Her head tilts enough that I know what’ll happen even before it does. The other agent grips my hand before I can blink, presenting my hand to the technician.
She pricks me with the syringe, shooting the tiny amount of serum into my skin.
“There. By the time we get you to the Doctor, it will be healed.”
“I’m not going to the Doctor.”
That’s what I say. I meant it, too, but I knew that, when I came down to it, I’d have no choice about that, either—and I don’t.
The technician and her entourage disappeared through that door as soon as she got what she needed. I hated to think what she was doing with our hair and our blood and our pee, but when she returns another two hours later with her precious clipboard, we all find out.
She turns toward Maverick first. Like my finger, his broken arm did heal. He’s currently lying on his back, arms folding behind his head, and after he erupted on the technician earlier, he hasn’t said another damn word since.
No matter how Chase and I try to get him to talk to us.
He was the planner. The man with the map. The man with the bombs. Everything we had was confiscated by Winston when they caught us—including my pocketknife, though I was allowed to keep my jacket… for now—and I think losing his gun broke him more than failing to blow up the NRI.

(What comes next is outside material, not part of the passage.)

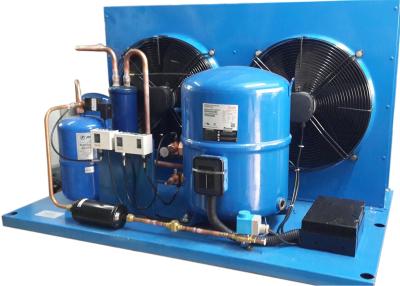 China France Maneurop Hermetic Air-Cooled Refrigertion Unit,Customized Air-Cooled Condensing Unit Used For Coldroom Storage for sale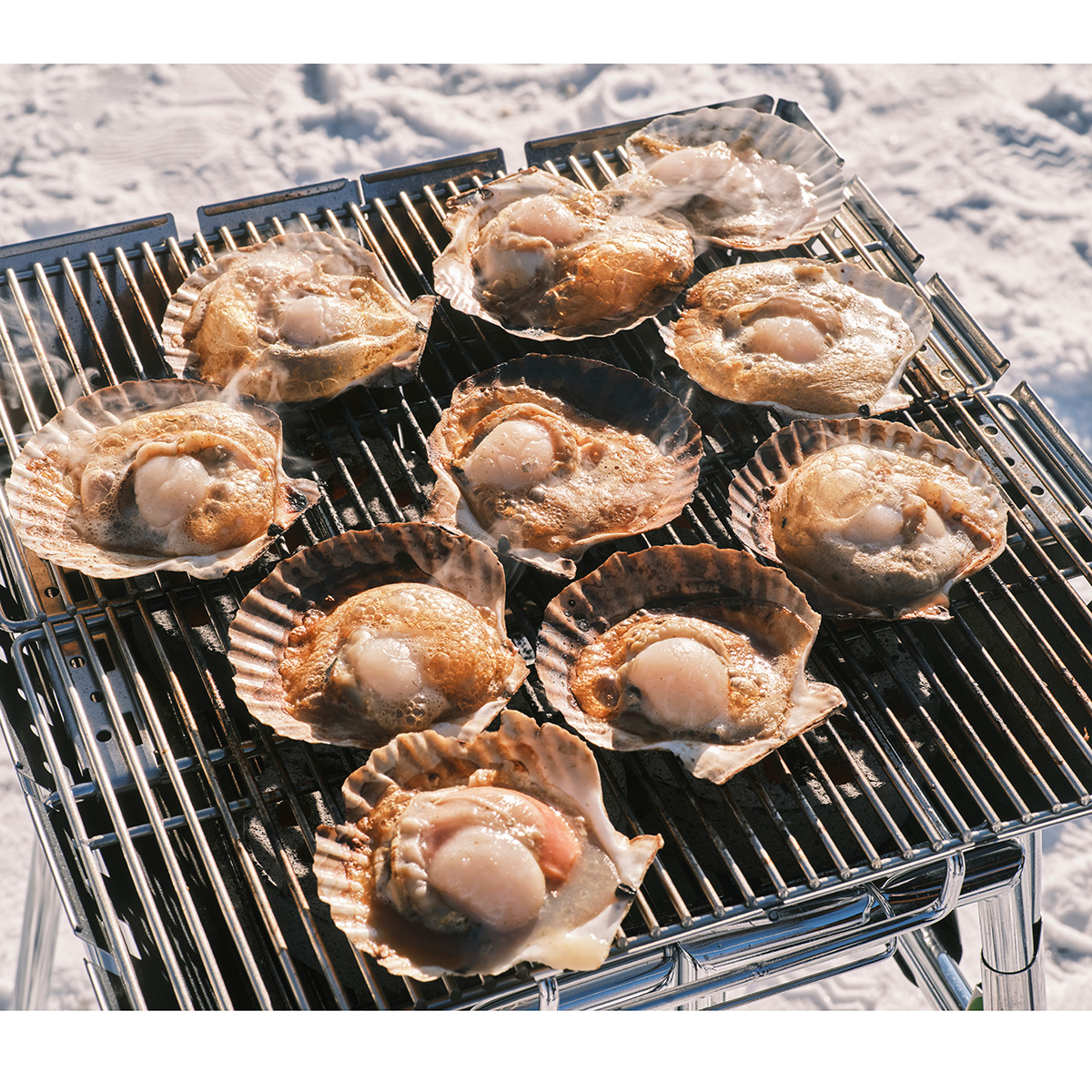 LOGOS theピラミッド篝火 L|ギア|グリル・たき火・キャンドル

Chase has hope. That’s just the kind of guy he is. He vows he’ll get us out of this, and I want to believe him desperately. This can’t be it for us. Back at the Grave… I was going to finally figure out why I can’t stop thinking about him.
But we’re not at the Grave. We’re in New York, and I don’t think we’re getting out of here anytime soon.
At least, if Winston has his way, we definitely won’t…
The technician taps her clipboard. “James Brooks. You have traces of the Injection in your system, but a minimal reaction. The Doctor wants to study that.”
Right next to me, Chase startles. I don’t know what surprises him more: that Maverick isn’t really Mav’s name or that he took the Injection but didn’t Turn.
It’s probably not a good thing that I didn’t show any reaction to that—he has to know that I did know—but before he can do or say anything, the technician turns on him.
“Chase Knight. We found lingering lurker venom, plus the initial dose of an antidote. The Doctor wants to reverse the antidote and see if you Turn or if you become one of us. The first class.”
What?
They want to make him a monster?
“No—”
She ignores my pained shout. “Hallie Holden. There—”
It’s like a record scratch. Hearing my twin’s name right after this horrible woman announces that their Doctor plans to fuck with Chase… I can’t help it.
“What the… No. You got it wrong. I’m not Hallie. I’m Xandra.”
If her face could move at all, she would be frowning. She points at something on her clipboard. It’s a computer print-out. “Hallie Holden,” she repeats. “Twenty-five. From Madison, New Jersey.”
I don’t know how they got all that information from my vitals and my fluids, but only two of those three are correct. “Wrong. It’s Alexandra Holden.”
“Interesting,” she says in a voice that tells me that my insistence is more of an annoyance than anything else. “In that case, the Doctor will see you first.”